※写真はイメージです

 日本中で気温35度以上の猛暑日が続いた今年の夏、エアコンが効いた涼しい部屋で氷を入れた冷た~い飲み物をゴクゴク……なんてこと、やってはいないだろうか?

 こうした生活を続けていると血のめぐりが悪くなり、やがて心身の不調につながるという。

便利な生活環境が認知症を引き起こす

「血のめぐりと冷えは深く関係していますから、冷たいものを食べたり、飲んだりはほどほどに。女性は生理不順、さらに更年期からはホルモンバランスの乱れで血のめぐりが悪くなる。身体の冷えを甘く見てはいけません」

 とは、冷え治療の第一人者、川嶋朗先生。人生100年時代、病気をせずに健康で豊かな老後を送るためには“血めぐり”への意識が大事だという。

 血液は神経細胞や脳へ酸素や栄養を供給し、老廃物を回収している。

「血のめぐりが悪いと、細胞の新陳代謝がスムーズにいかなくなり、免疫機能も下がる。免疫が働かなくなると、あらゆる病気や不調をまねき、さらには自律神経も乱れていきます」(川嶋先生、以下同)

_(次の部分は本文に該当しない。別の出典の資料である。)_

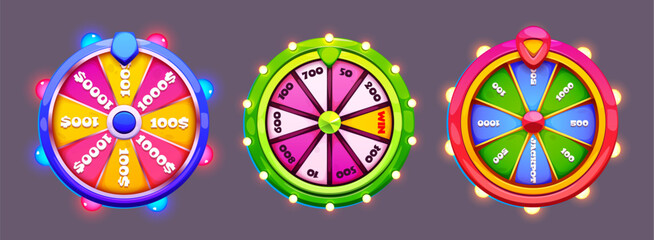 Fototapeta premium Fortune wheel icons with vibrant segments and glowing bulbs. Cartoon spinning wheels with prize amounts, lottery numbers and jackpot sections. Casino roulette neon designs for game interfaces.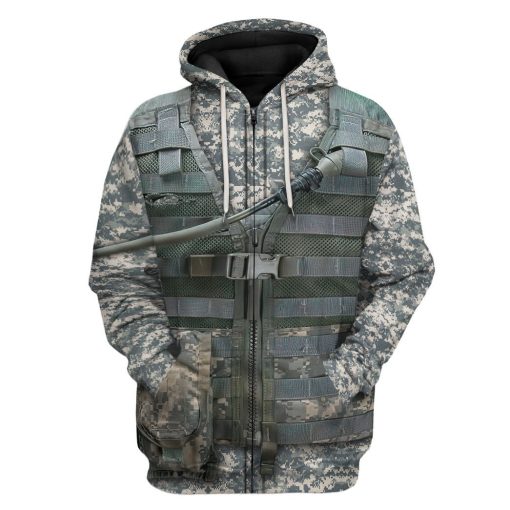 Gearhuman 3D AIRBORNE UNIFORM Custom Name Tshirt Hoodie Appreal CK19117 3D Apparel Zip Hoodie S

 心身に悪影響をもたらすだけでなく、脳への影響も甚大だ。

「脳は身体の中でも大量に血液を必要とする器官です。京都大学が『脳の血流低下が認知機能障害を引き起こす』という論文を発表しましたが、脳の血めぐりが滞ることで、脳内に炎症を起こし認知機能障害を引き起こすことがわかったのです」

 認知症もまた、血めぐりや冷えと深い関係があるのだ。

「頻繁な通院や薬が必要な身体にならないためにも、病気になる前、未病の段階で体質をしっかり改善することが大切です」

 薬は症状を改善させ、その場をしのぐことができても、効くものほど依存度も高いと話す川嶋先生。日頃から“血流力”を上げ、自分の身体の質を上げることが重要だ。

血のめぐりが悪くなると起こる病気

平熱の低下で免疫力も下がる

 日本人の平均体温は、ここ約50年間で36度台後半から36度台前半まで、約1度近くも下がっている。望ましい平熱の体温は36.5~37度で、35度台という人は低すぎるという。

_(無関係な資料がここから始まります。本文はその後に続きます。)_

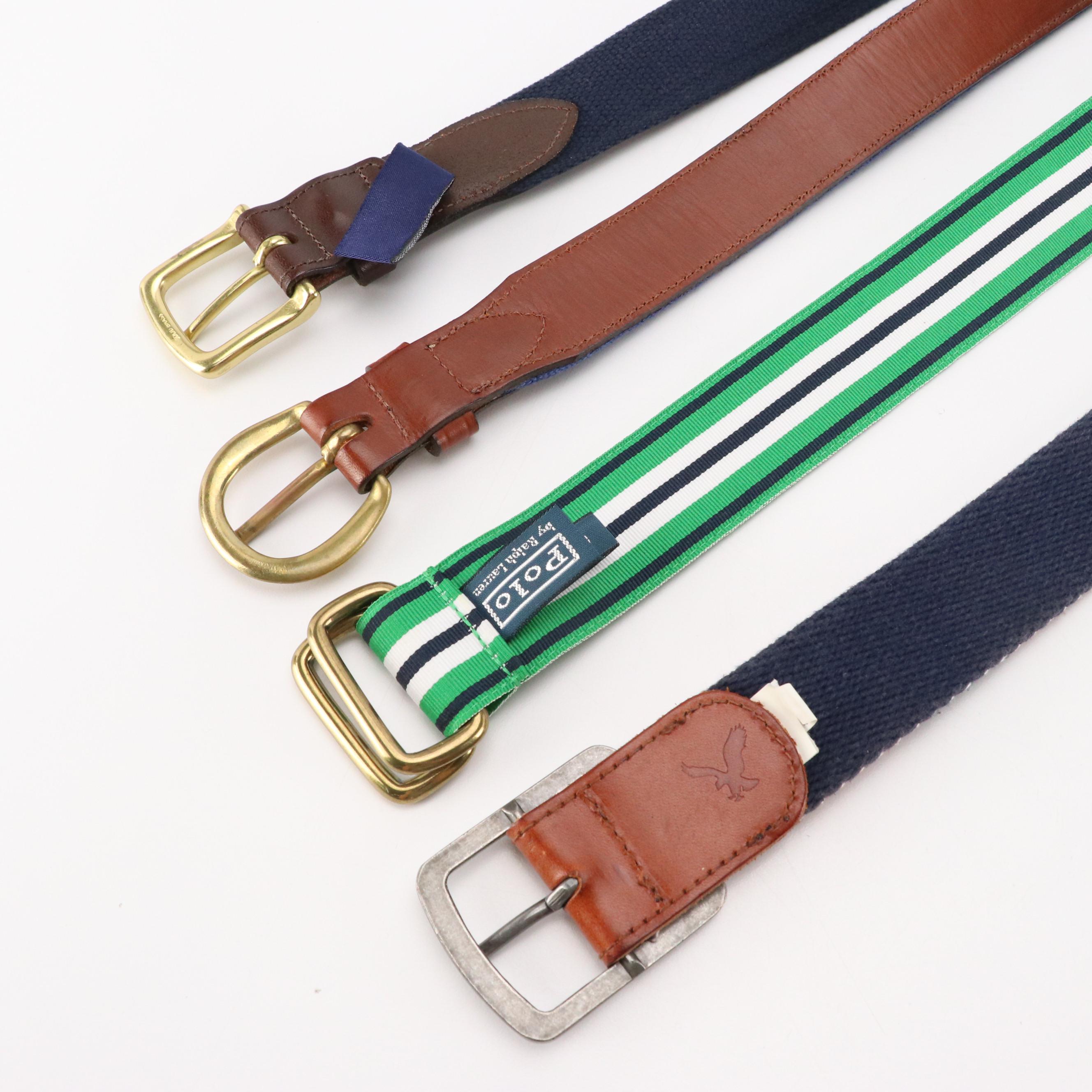 Men's Polo Ralph Lauren, Vineyard Vines, American Eagle & Other Patterned Belts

「何らかの病気や不調を抱えている人は必ずといっていいほど冷えています。実は、体温と免疫力は大きく関係しており、36.5度を基点に、体温が1度上がると免疫力は数倍になり、逆に1度下がれば、免疫は大幅に低下します」

 平熱が低い人ほど免疫力も低いといえるが、なぜ、平均体温が下がったのか。

「車や電車、エレベーターなどを使い、筋肉が収縮しにくい生活を送っていると、基礎代謝が下がり、身体の冷えにつながります。

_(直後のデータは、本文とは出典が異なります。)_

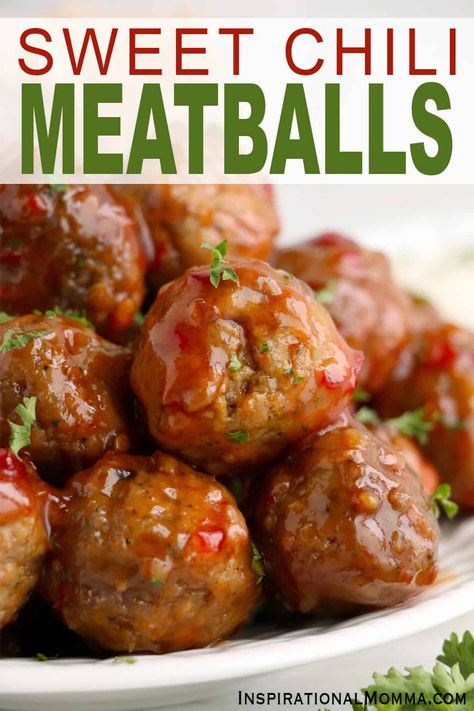 Sweet Chili Meatballs are a perfect party appetizer. With only 4 ingredients, they are packed with flavor, simple to make, and easy to enjoy! Meatball Flavors Appetizers, Chili Meatballs, Chili Balls Recipe, Chili Balls, Meatballs With Chili Sauce, Meatballs For Party Appetizer Recipes, Sweet Sauce For Meatballs, Strawberry Meatballs, Meatball Marinade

 現代生活は便利ですが、そのせいで身体の熱をつくるという人間が本来持っている力を育てづらくなりました。文明の利器に頼り、便利になればなるほど不健康の要因になるとは、皮肉なものですね」

 筋肉量は、加齢によって減少するが、特に女性は、そもそも筋肉が少ないので、より注意が必要だ。

「筋肉を動かして運動をすれば、それだけで身体に熱が生まれて血のめぐりもよくなります。さらに、筋力がついてくると体温を自分で調節できるようになり、免疫力が下がらなくなるのです」

 階段があったら上り下りをする、電車では座らない、家事をしながらスクワットをしてみるなど、“ながら”で構わないので筋肉を使うことを意識してほしいと川嶋先生。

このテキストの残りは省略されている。